Because it is such a biological and wildlife conservation classic, the origin of the book itself deserves mention. The book was originally written by Francis H. Kortright in 1942 and became the authoritative source on U.S. waterfowl. The work was updated and expanded in 1976 by Frank C. Bellrose.

The revised version, published in 2014, continues with the same standards of excellence as its predecessors. Comprehensive coverage of a 1,027-page book would be too lengthy, so I decided to focus on swans, two of which are native to North America and a third that is from the Old World but here to stay.

If you see a huge white bird swimming in a lake it will probably be a mute swan.

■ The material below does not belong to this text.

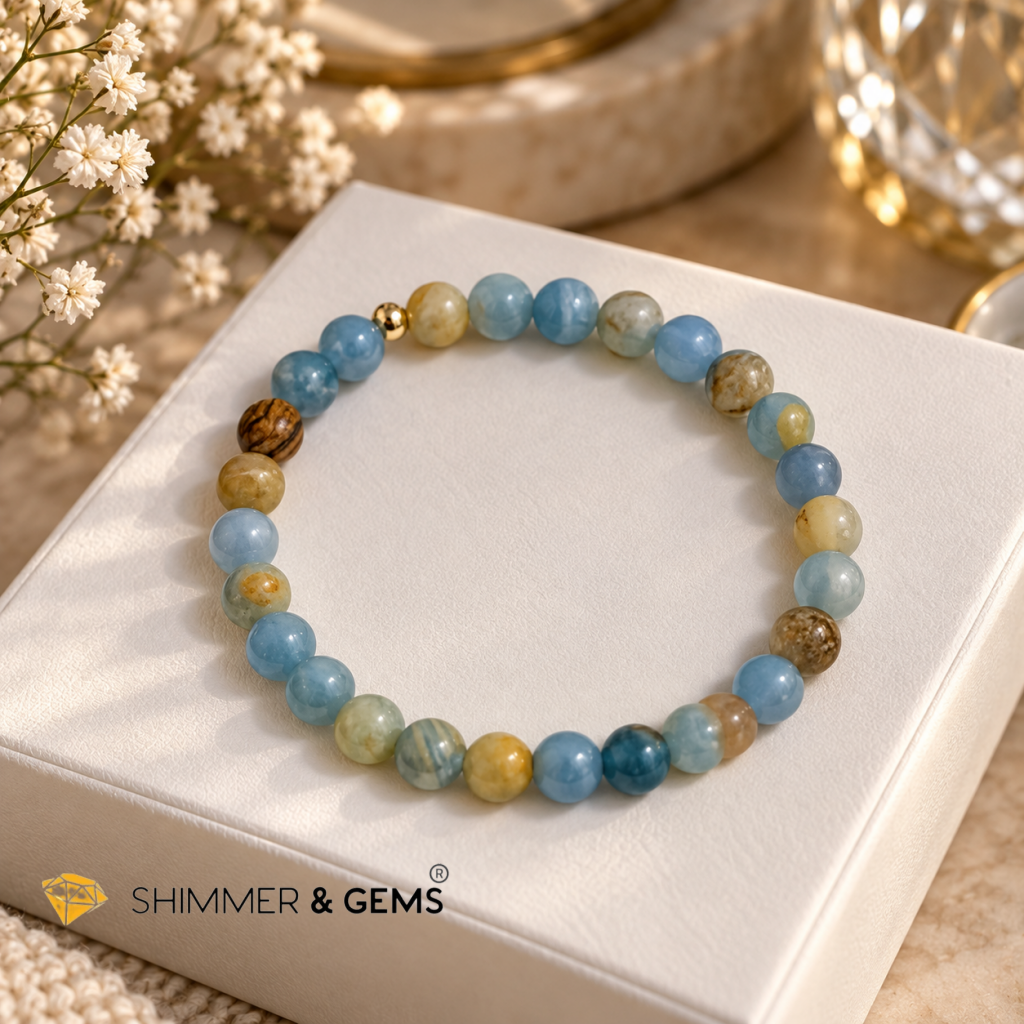 Lemurian Aquatine Blue Calcite (Argentina) 6mm with 14k gold filled bead Bracelet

With an orange bill and a black knob in front of its eyes, a mute swan is readily recognizable. The species was brought to this country from Europe in the 1800s, but wild populations now occur in many areas. Mute swans often become semidomesticated, as with those seen in city parks, and are thought to have been domesticated in Europe more than 8 centuries ago. More than 22,000 are currently estimated to be in North America, a low population density compared with the quarter of a million living in Europe.

Mute swans are beautiful to watch as they glide gracefully across the water but are a force to be reckoned with during their breeding season.

They have been known to turn over kayaks and canoes, continuing to attack a person in the water. Human deaths have even been reported, with victims being drowned.

A dog had best beware of an attack by a mute swan as many have been killed by an enraged mother swan. The mute swan is not silent at all, making a variety of bland sounds, although the hissing of an angry swan is anything but pleasant.

To our credit the world's largest species of waterfowl, the trumpeter swan, is a U.S. native with an estimated population size of more than 46,000.

To our discredit, only 69 individual trumpeter swans were left in the United States in 1932, an inexcusable example of near extinction of a species resulting from overharvesting for the plume trade due to inadequate wildlife regulation.

Trumpeter swan cygnets are the paragon of the fabled "ugly duckling" in being "mouse gray," whereas the snowy white adults with their large black bills are magnificent. Trumpeters get their name from a deep, resonant two-note call.

The other U.S. swan belongs as much to Canada as to us. The tundra swan lives up to its name by breeding in the arctic and subarctic, although they migrate to several southern states in winter, these enormous white birds, also known as whistling swans, are the most abundant of the three North American species, with numbers being estimated at greater than 200,000.

Any of these impressive waterfowl are wildlife marvels to watch flying or swimming, but if they have an orange bill, keep your distance.